One of her first acts as dean was to expand the portfolio of vice-dean, faculty and academic life to include equity, a position held by Alexie Tcheuyap. Under Woodin’s direction, the faculty is also looking at its internal processes for assessing faculty contributions and promoting females into leadership roles.
“One issue we’re looking at is: What sort of culture change do we have to make to ensure all faculty have the opportunity to be recognized as potential leaders,” Woodin says, adding that when vacancies appear in important academic positions, the faculty makes an extended list of qualified candidates – regardless of whether they have put their own names forward.
“We don’t rely solely on nominations because they [generally bring forward] those who look like a historical representation of previous leaders,” she says.
“When you start to broaden your definition of leadership, the results are incredible.”

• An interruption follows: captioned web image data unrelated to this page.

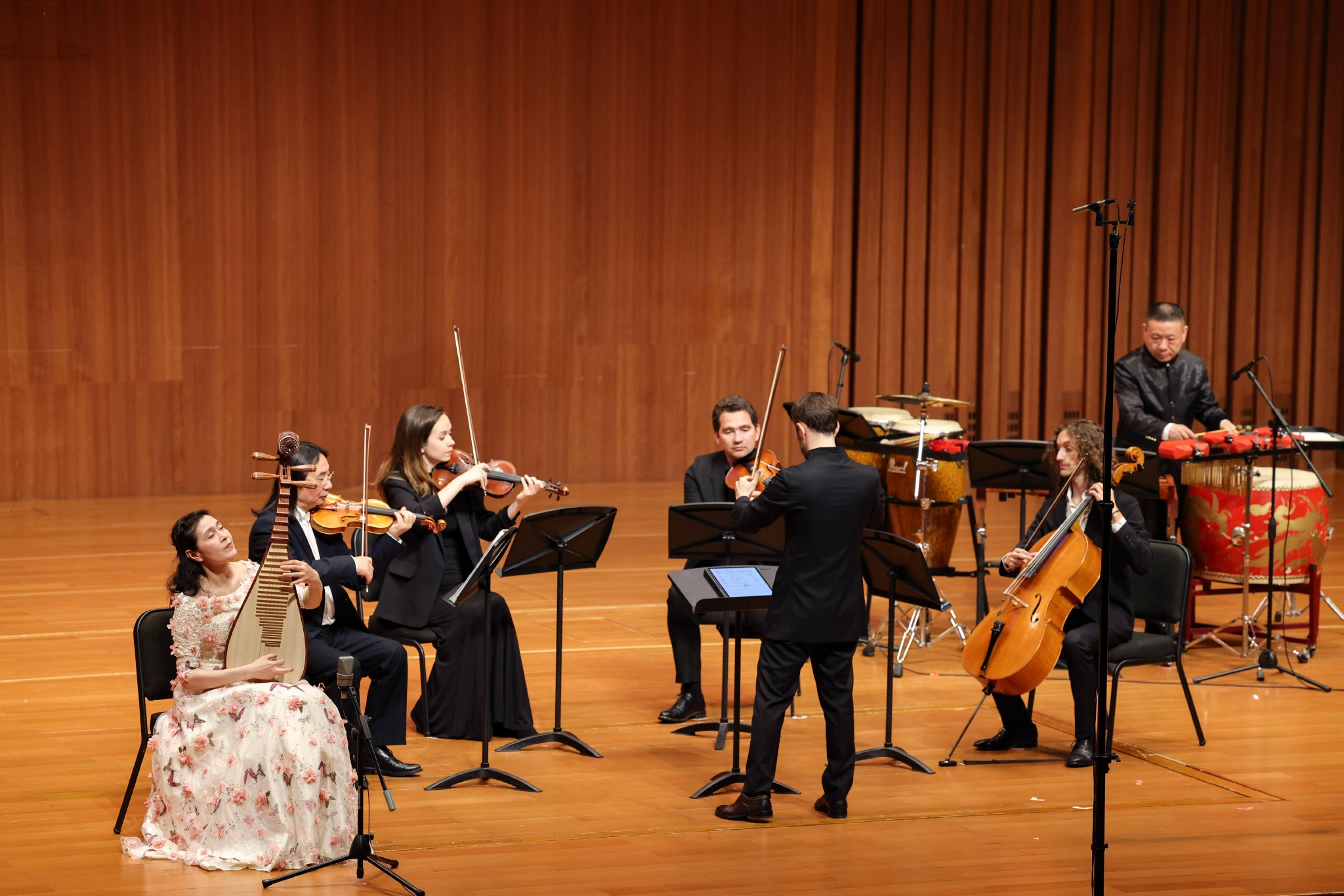 琵琶 弦乐四重奏 中西合奏演绎跨界音乐会|弦乐_新浪财经_新浪网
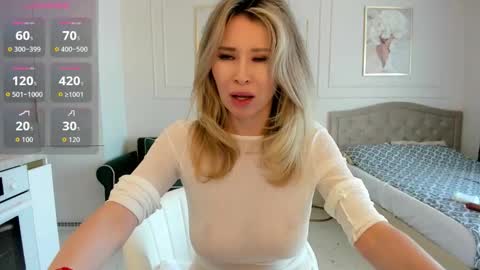 Jolie Ozolla online show from 09.11.25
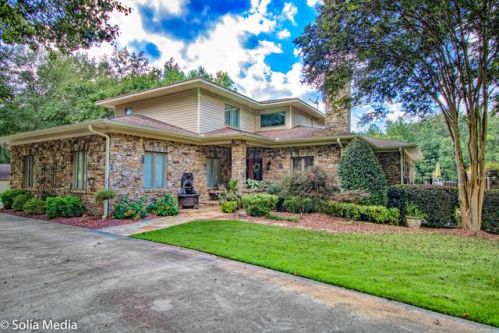 2601 Westwood Dr, Conyers, GA 30094-6054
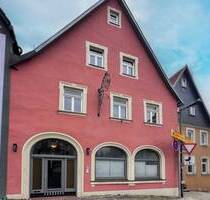 Vielseitiges Investment mit Ausbaupotenzial in Hollfeld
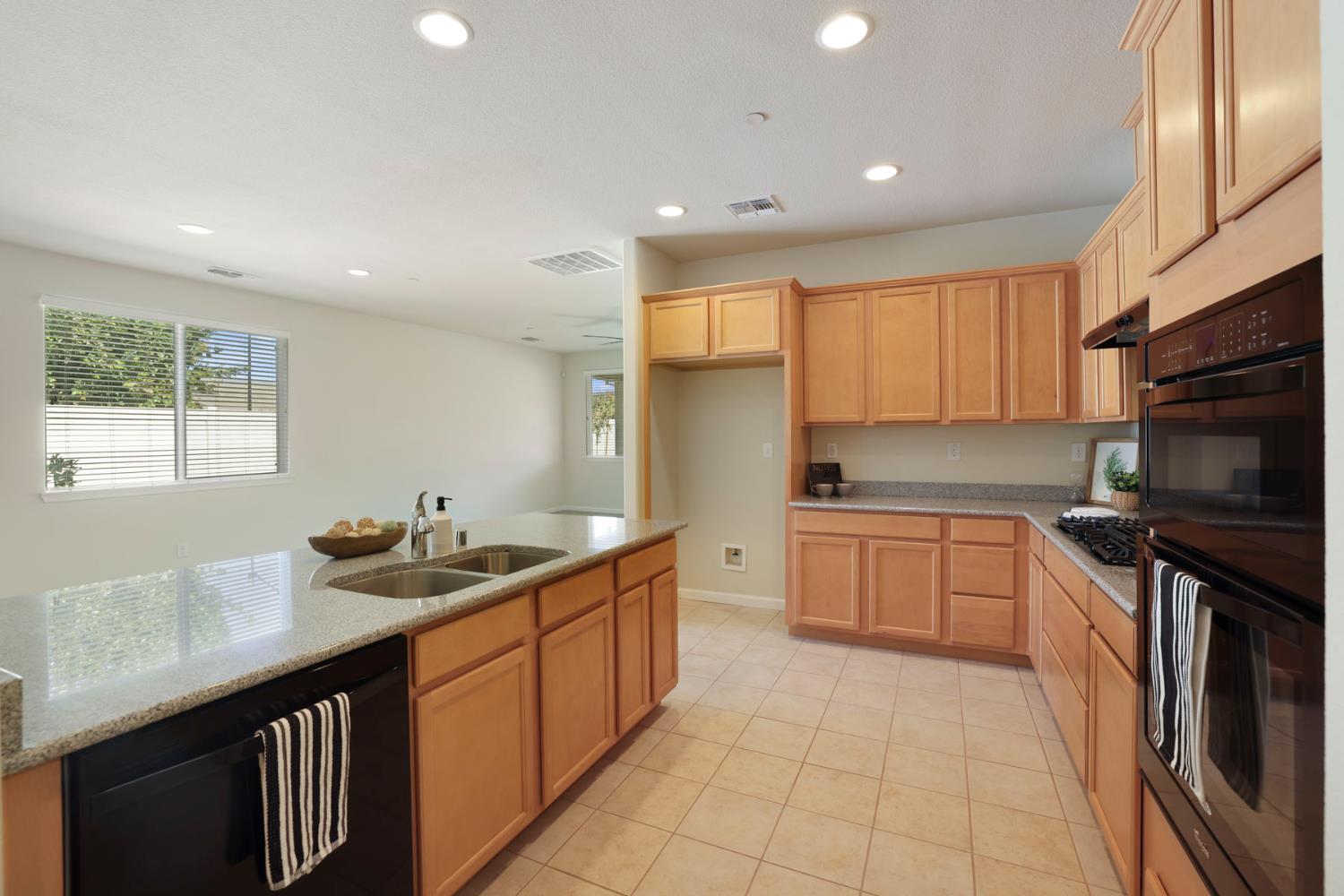 1395 Chestnut Hill Dr, Manteca, CA 95336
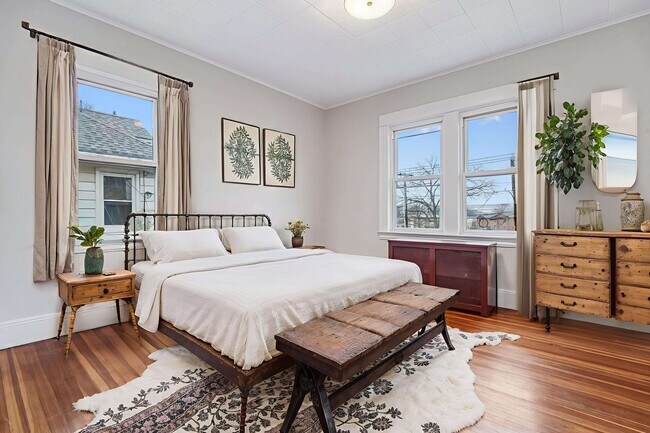 Building Photo - 1154 Anderson Ave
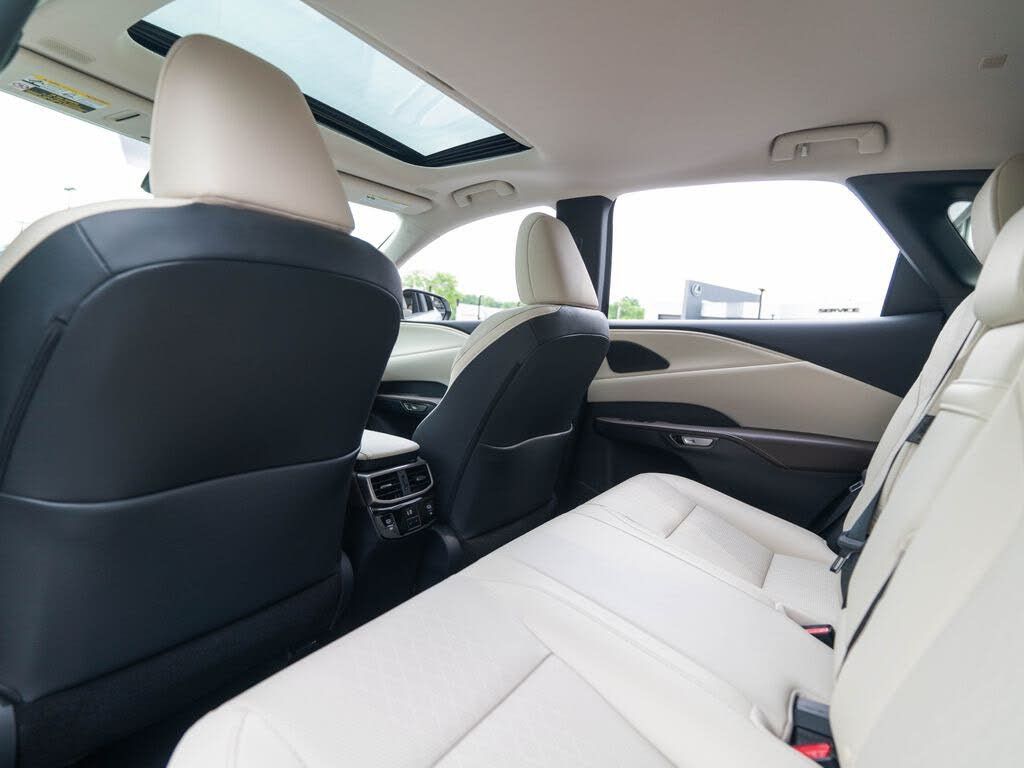 2026 LEXUS RX - photo 16
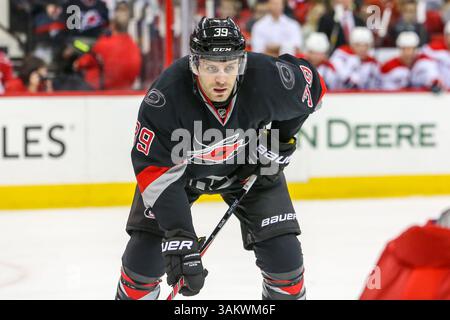 Dezember 2013 - Raleigh, North Carolina, USA S - Carolina Hurricanes Right Wing Patrick Dwyer (39) während des NHL-Spiels zwischen den Washington Capitals und den Carolina Hurricanes in der PNC Arena. Die Washington Capitals besiegten die Carolina Hurricanes mit 4:2. (Bild: © Andy Martin Jr./ZUMAPRESS.com) Stockfoto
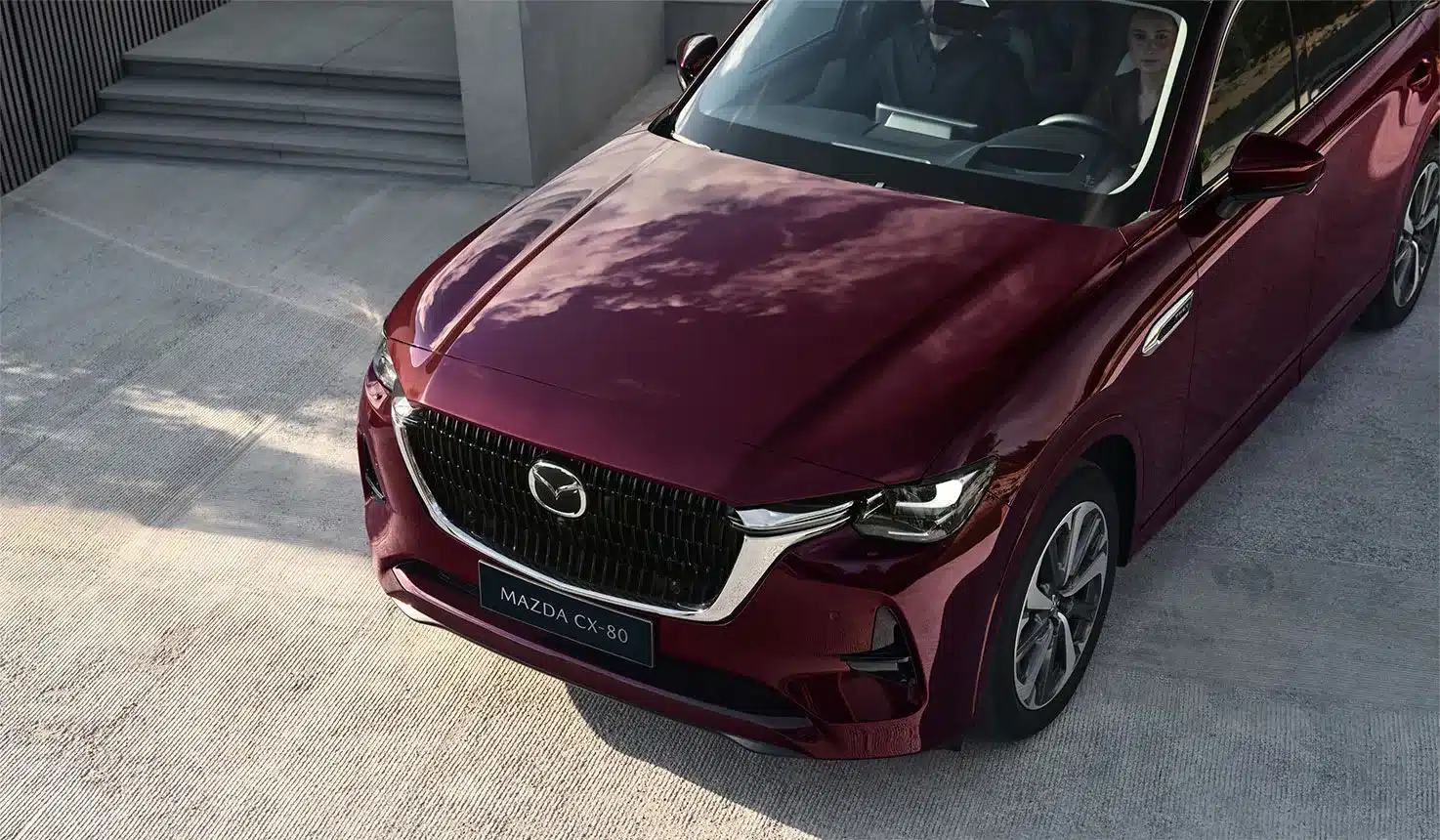 Der Mazda CX-80 in Rot aus schräger Vogelperspektive, Fokus auf Frontpartie und Kühlergrill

For Hisama, who also begins her term as dean of the Faculty of Music on July 1, U of T’s commitment to equity and diversity didn’t just pique her interest; it was one of the reasons she applied for the job.
“In the candidate brief and in discussions with the search committee, I could tell diversity, equity and inclusion were front and centre,” she says.
At Columbia, Hisama founded a workshop for female high school students to learn to produce and record music with the university’s faculty and alumni. As the humanities representative on the Faculty of Arts and Sciences’ committee on equity and diversity at Columbia, she also helped call attention to women and BIPOC faculty’s concerns and, more recently, raised awareness around racism faced by Asian-Americans after COVID-19 by organizing a public panel titled “A New ‘Yellow Peril?’”: A Conversation about Anti-Asian Racism.
When she arrives in Toronto, Hisama says she’s looking forward to listening to the concerns of faculty and continuing to work toward equity, diversity and inclusion. She’s also enthusiastic to take her seat at the table as part of U of T’s growing cadre of women leaders.
“Historically there have been so few women and BIPOC in these roles,” she says. “I think it’s really exciting that U of T is striving to be a leader in this.”